Is Your Strategy Lost In The Trees Or Making A StrategicImpact™?
by Lesley Johnson
In today’s world of supply-chain issues, quiet quitting, quiet hiring, inflation and disinflation, it’s easy to hunker down and limit your line of sight to small details you can control or that require your immediate attention.But, in doing this, you lose sight of the destination. You become focused on managing versus leading, and you may be driving hard, but in the wrong direction.
Recently, I was reminded of this difference between managing and leading. I decided to reread a classic personal-development book and pulled out an old copy of The 7 Habits of Highly Effective People by Stephen Covey. Habit 2 drives home the point of managing versus leading: Begin With the End in Mind. The paradigm shift that comes with Habit 2 is to be proactive in your endeavors, and it’s explained this way—managing is task-focused whereas leading is proactive direction guidance. In his example to make this point, he describes a team cutting their way through a jungle. The managers are sharpening machetes, writing tree-cutting policies and procedures, developing HR benefits and staffing schedules for the tree cutters. In contrast, the leaders are the ones climbing up the tree to survey the surrounding forest and land to determine if they are even working in the right jungle.
Covey goes on to describe proactive leadership using two ideas that align well with the use of market research. The first is monitors environmental change—a changing competitive landscape or emerging new industry or consumer trends. The second is provides force necessary to organize resources in the right direction. Leaders determine where to allocate budgets and staff so that the company is leveraging its resources toward the right goals and objectives. I find this idea of “beginning with the end in mind” lends itself well to market research and the idea that research initiatives need leadership as much as they need management. Leaders who embrace and utilize market research are better able to drive strategic impact from the top down.
This concept brought to mind our StrategicImpact™ Process, which aligns with Covey’s philosophy. Using our StrategicImpact™ Process, we work with companies seeking to use research as part of their strategic planning.
It excites us to be part of innovation or strategic-planning research. When research focuses on “surveying the jungle” to help guide innovation or strategic plans, proactive leaders are able to monitor changes in the competitive landscape and ensure resources are being deployed where they will have the greatest bottom-line impact.
Monitoring environmental change often looks like research that surveys the competitive landscape and industry trends. During the first two phases of the StrategicImpact™ Process, we help companies uncover the “environmental” footprint of the jungle and set the direction of the research, beginning with an alignment workshop to bring together all the relevant stakeholders who share their knowledge and vision on the initiative. This allows for alignment across teams and departments, culminating with a set of strategic objectives around the competitive market or industry trends for the research to address. In other words, the envisioned end is in place as research begins—beginning with the end in mind as Covey calls it. In instances where the research is focused on innovation or strategic planning, conducting exploratory research helps develop hypotheses about the strategic initiatives or gauge customers’ reactions to those initiatives.

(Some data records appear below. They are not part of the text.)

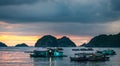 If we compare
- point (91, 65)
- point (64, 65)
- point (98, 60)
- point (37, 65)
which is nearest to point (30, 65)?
point (37, 65)

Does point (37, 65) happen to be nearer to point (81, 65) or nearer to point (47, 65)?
point (47, 65)

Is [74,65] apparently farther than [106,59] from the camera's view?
No

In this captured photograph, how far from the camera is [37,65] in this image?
14688 cm

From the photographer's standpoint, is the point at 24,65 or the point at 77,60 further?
the point at 77,60

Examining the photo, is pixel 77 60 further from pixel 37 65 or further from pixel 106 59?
pixel 37 65

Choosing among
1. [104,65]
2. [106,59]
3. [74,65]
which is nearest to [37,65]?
[74,65]

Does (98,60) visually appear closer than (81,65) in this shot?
No

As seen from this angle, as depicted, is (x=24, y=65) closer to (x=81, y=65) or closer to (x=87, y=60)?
(x=81, y=65)

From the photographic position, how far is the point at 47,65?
147750 millimetres

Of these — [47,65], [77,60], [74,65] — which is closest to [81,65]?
[74,65]

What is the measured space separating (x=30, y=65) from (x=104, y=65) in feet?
94.4

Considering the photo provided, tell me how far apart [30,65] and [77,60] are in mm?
28192

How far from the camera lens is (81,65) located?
143m

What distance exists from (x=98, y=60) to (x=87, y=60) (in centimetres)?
490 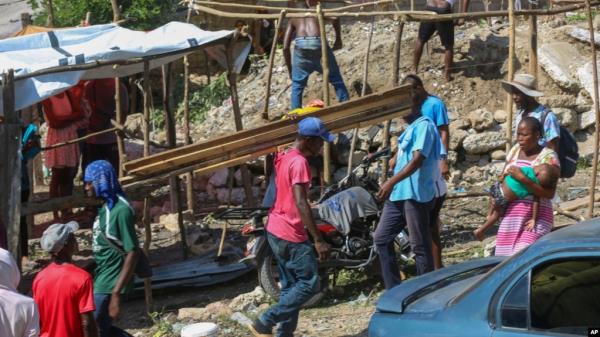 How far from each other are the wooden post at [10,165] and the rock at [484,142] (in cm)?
612

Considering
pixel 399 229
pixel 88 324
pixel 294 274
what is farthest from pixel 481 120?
pixel 88 324

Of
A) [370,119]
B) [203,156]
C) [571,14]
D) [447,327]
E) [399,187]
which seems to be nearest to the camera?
[447,327]

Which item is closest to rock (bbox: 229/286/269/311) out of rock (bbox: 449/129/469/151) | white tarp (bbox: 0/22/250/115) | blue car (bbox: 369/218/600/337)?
white tarp (bbox: 0/22/250/115)

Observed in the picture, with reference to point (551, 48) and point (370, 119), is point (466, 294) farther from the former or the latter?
point (551, 48)

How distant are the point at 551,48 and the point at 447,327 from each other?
8958 mm

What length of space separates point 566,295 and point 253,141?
15.4ft

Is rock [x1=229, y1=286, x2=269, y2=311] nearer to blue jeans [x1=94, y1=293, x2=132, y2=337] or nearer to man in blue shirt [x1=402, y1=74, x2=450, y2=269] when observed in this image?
man in blue shirt [x1=402, y1=74, x2=450, y2=269]

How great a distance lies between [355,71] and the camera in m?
14.1

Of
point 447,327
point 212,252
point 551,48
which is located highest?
point 551,48

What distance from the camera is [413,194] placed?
791 centimetres

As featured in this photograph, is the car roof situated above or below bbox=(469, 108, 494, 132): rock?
above

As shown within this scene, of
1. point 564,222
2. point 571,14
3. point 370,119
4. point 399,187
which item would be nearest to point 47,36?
point 370,119

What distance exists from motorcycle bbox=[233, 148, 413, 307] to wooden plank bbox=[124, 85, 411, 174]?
2.25ft

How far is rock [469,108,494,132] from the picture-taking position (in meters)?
12.8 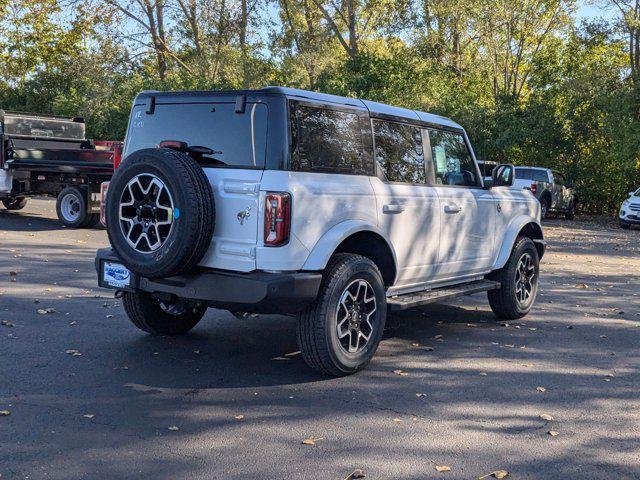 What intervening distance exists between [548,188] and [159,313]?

Once leadership is aligned and has explored the hypotheses around the strategic initiatives, the StrategicImpact™ Process tackles quantifying data to reinforce or negate them. This allows companies to make strategic decisions around these identified objectives using data-driven results, which ensures the company is organizing resources in the right direction, which Covey describes as a tenet of proactive leadership. If questions remain or initiatives need further finessing, the quantitative phase could be followed with digging deeper by having follow-up conversations with a few customers.
Once these research phases have been completed, we see excitement build with the stakeholders attending the activation workshop as we bridge the beginning objectives and hypotheses into actionable insights that proactive leaders can use to organize resources in the right direction. As action is taken and plans are implemented, leadership should monitor the impact from the initiative, Covey’s principal of monitor for environmental change, bringing the StrategicImpact™ Process full circle.
As a leader, are you proactively managing for environmental impact or changes and organizing resources in the right direction? Through our StrategicImpact™ Process, Decision Analyst can help you focus on the right objectives and apply data-driven results to marshal your valuable resources in the right direction.